Bir dönem o vaktin fikri yönlendirmelerinin etkisinde kalarak sosyalizme yöneldi. Fakat bu, dini ve inancı terk ederek ateizme değil sosyalist ideolojiye yönelmeydi. Bununla birlikte o dönemini cahiliye olarak isimlendirir. Bu dönemde "Dikenler", "Köyden Bir Çocuk" ve "Sihirli Şehir" adlı üç romanı yayınlandı.
Sonrasında tamamen bu tür fikirlerden sıyrılarak hayatı bütünüyle Kur'an-ı Kerim'e göre şekillendirmeyi ideal edindiği İslâmî düşünceyi benimsedi. Bunu da cahiliyeden hidayete erme olarak tanımlar. Sonrasında şehadetine kadar bu çizgi üzerinde kaldı. Biz Allah'ın izniyle bu çizgi üzere kalmasından dolayı zulmen idam edildiği için şehit olduğuna inanıyor ve şehadetini Yüce Allah'ın da kabul etmesini diliyoruz. Elbette esas olan Allah'ın hükmü ve yaptıklarımızın Allah katında geçerli olmasıdır.
Zindan Gözünü Korkutamadı
Şeyhulislam Ahmed ibnu Teymiyye hapse atılırken şöyle demişti: "Düşmanlarım bana ne yapabilir? Ben cennetimi kalbimde, bahçemi göğsümde taşıyorum. Nereye götürülsem onlar benimle beraberdir. Hapsedilmem halvet, öldürülmem şehâdet ve memleketimden sürülmem ise seyahattir."
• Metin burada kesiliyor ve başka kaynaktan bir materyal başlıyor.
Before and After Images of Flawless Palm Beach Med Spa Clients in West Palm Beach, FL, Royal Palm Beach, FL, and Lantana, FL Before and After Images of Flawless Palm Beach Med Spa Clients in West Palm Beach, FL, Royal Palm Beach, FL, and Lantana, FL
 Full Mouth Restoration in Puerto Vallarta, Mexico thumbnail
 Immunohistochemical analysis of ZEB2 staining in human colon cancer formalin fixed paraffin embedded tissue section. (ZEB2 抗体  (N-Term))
Seyyid Kutub da bu kararlılığa sahip bir mücadele adamıydı. O yüzden zulüm rejiminin baskıları, şiddeti ve zindana atması onun gözünü korkutamadı. Verdiği mücadeleden bir adım bile geri atmadı.
1954'te tutuklanıp askeri hapishaneye kondu. Hapiste korkunç işkencelere maruz kaldı. Mahkeme onu 15 yıl hapse çarptırdı. On yıl hapiste kaldıktan sonra sağlık durumunun kötüleşmesinden dolayı ev hapsine mahkûm edilmesi şartıyla zindandan çıkarıldı. Fakat yaklaşık bir yıl sonra 1965'te "Yoldaki İşaretler" adlı eserinden dolayı yeniden tutuklandı. Cellatlar bu ikinci tutuklanma ve yargı sürecinde de kendisine çok korkunç işkenceler yaptılar. Bu işkenceler içinde çok susuz kaldığı sırada önüne su koyup içmesine fırsat vermeme gibi son derece ürkütücü psikolojik işkenceler de vardı. Bazen yakın akrabalarını getirip onlara gözleri önünde işkence ederek Seyyid Kutub'a da psikolojik işkence yapıyorlardı.
Tüm korkunç işkencelere rağmen onu davasından vazgeçirememeleri üzerine de idama mahkûm ettiler.
Zalimlerden Özür Dilememesi
Seyyid Kutub'u hapse atarak korkunç işkenceler yapan Abdünnasır cuntası bazen onunla pazarlıklara da girişti. Bunların en meşhuru ise kız kardeşi Hamide Kutub vasıtasıyla gönderdikleri mesaj olmuştu.
Hamide Kutub vasıtasıyla kendisine şöyle bir öneri göndermişlerdi: "Şimdiye kadarki söz ve hareketlerinde yanıldığını beyan ederek Cumhurbaşkanı Cemal Abdünnasır'dan özür dilediğin takdirde, idam hükmünü bozacak ve seni serbest bırakacaktır." Hamide Kutub, ağabeyinin affedilmesini ve yaşamasını çok istiyordu. O yüzden teklifi kendisine iletti. Fakat Seyyid Kutub'un cevabı gayet açık ve tavizsizdi: "Eğer idamı hak etmiş olarak hakkın emri ile ipe çekiliyorsam buna itiraz etmek haksızlıktır. Eğer bâtılın zulmüne kurban gidiyorsam, bâtıldan merhamet dileyecek kadar alçalamam!.."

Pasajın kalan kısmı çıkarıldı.